**Task goal:**
Among the entries below, one stretch runs from the line that contains "Spodnie medyczne damskie" through the line that contains "Villa Palapa View". Repeat that stretch exactly, ends included, and only that.

**Web page caption snippets:**
....

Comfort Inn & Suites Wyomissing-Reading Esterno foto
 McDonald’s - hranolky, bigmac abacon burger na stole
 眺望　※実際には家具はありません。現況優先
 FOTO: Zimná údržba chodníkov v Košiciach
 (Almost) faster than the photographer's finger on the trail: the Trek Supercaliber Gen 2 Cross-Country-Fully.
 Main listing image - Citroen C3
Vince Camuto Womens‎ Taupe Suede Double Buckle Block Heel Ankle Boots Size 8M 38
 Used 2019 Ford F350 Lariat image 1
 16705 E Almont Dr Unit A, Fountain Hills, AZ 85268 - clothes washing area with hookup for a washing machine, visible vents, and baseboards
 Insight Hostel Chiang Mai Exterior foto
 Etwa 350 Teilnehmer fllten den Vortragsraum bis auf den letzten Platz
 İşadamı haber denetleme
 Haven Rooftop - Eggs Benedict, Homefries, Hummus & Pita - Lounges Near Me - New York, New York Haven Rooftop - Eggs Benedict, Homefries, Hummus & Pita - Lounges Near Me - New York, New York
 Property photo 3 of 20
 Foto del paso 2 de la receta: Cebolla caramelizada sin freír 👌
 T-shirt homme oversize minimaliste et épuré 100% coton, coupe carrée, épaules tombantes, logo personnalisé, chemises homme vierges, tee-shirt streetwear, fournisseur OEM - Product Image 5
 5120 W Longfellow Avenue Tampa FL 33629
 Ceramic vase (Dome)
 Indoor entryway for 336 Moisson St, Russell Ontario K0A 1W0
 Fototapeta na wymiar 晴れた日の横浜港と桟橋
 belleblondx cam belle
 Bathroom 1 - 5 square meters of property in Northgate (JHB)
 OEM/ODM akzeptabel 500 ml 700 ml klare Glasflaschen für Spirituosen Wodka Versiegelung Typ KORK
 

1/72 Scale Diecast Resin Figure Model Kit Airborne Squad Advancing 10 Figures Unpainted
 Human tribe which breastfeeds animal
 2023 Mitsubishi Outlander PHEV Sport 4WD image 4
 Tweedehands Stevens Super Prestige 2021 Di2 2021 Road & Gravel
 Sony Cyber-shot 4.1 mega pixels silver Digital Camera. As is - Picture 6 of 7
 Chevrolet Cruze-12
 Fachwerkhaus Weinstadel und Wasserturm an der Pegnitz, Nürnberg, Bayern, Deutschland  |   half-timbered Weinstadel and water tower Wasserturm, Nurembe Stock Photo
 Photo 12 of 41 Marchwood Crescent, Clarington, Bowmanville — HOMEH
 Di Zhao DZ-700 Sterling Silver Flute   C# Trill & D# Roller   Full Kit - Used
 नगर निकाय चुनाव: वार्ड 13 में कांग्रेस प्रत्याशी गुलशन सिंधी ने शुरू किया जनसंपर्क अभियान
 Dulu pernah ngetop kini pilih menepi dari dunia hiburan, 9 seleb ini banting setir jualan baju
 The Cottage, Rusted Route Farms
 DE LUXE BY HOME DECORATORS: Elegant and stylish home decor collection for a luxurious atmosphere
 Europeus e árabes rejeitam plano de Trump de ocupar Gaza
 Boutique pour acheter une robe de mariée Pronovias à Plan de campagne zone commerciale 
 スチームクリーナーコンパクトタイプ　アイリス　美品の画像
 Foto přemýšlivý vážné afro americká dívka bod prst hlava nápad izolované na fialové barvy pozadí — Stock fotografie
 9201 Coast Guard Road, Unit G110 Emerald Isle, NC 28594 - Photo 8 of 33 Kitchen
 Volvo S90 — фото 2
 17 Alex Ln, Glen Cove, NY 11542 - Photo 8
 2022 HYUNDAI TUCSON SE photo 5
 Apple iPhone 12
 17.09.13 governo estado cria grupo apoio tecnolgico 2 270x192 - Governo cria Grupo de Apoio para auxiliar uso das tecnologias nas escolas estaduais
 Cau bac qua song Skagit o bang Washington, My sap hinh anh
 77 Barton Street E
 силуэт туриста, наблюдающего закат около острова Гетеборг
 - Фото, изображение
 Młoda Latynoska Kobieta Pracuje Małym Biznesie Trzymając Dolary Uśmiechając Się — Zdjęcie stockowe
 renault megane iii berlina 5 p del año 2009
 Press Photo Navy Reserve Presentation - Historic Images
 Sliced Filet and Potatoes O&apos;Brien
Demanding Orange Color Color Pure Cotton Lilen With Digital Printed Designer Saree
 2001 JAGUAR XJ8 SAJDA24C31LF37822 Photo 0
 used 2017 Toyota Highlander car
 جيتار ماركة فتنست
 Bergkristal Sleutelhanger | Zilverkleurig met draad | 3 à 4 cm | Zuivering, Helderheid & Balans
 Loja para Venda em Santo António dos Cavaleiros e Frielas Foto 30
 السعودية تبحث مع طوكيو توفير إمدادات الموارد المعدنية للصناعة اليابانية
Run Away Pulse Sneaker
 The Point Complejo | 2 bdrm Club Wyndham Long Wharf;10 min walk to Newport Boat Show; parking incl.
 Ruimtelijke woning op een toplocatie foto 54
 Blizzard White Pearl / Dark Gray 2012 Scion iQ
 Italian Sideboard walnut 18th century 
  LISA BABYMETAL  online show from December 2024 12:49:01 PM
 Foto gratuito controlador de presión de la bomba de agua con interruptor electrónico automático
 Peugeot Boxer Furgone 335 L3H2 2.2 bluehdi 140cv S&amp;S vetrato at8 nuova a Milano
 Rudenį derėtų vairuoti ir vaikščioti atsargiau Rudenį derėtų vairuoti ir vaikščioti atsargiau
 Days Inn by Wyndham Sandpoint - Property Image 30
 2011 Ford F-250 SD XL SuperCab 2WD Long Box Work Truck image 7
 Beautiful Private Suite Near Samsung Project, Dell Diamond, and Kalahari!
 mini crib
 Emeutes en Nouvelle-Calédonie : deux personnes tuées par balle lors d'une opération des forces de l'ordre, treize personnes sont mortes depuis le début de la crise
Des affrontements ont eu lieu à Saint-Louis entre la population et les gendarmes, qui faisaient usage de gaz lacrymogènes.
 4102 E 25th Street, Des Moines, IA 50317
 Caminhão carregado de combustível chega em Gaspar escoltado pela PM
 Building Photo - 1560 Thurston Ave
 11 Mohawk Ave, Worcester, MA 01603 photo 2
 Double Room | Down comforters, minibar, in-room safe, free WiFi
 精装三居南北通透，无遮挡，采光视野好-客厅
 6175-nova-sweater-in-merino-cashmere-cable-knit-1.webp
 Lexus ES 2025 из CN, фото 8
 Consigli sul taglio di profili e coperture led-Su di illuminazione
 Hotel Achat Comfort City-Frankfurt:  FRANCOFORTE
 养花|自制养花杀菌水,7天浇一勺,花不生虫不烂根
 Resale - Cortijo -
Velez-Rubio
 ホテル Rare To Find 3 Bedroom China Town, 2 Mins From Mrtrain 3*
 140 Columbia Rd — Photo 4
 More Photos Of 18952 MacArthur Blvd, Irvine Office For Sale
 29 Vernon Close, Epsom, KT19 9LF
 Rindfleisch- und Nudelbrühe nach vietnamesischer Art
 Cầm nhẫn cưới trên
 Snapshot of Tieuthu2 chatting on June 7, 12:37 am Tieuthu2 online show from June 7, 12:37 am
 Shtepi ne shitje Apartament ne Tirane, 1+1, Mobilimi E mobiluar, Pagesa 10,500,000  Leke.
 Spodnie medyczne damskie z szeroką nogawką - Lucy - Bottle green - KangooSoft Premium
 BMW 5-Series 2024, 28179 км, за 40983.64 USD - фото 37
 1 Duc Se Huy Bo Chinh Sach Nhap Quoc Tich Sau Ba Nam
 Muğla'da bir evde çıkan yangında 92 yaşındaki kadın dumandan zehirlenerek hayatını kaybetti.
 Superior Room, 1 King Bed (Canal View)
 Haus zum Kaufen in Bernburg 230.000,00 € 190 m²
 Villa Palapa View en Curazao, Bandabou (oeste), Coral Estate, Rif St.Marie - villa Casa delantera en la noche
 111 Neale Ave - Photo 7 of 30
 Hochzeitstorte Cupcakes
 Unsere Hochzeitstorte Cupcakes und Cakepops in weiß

....

**Solution to this exercise:**
 Spodnie medyczne damskie z szeroką nogawką - Lucy - Bottle green - KangooSoft Premium
 BMW 5-Series 2024, 28179 км, за 40983.64 USD - фото 37
 1 Duc Se Huy Bo Chinh Sach Nhap Quoc Tich Sau Ba Nam
 Muğla'da bir evde çıkan yangında 92 yaşındaki kadın dumandan zehirlenerek hayatını kaybetti.
 Superior Room, 1 King Bed (Canal View)
 Haus zum Kaufen in Bernburg 230.000,00 € 190 m²
 Villa Palapa View en Curazao, Bandabou (oeste), Coral Estate, Rif St.Marie - villa Casa delantera en la noche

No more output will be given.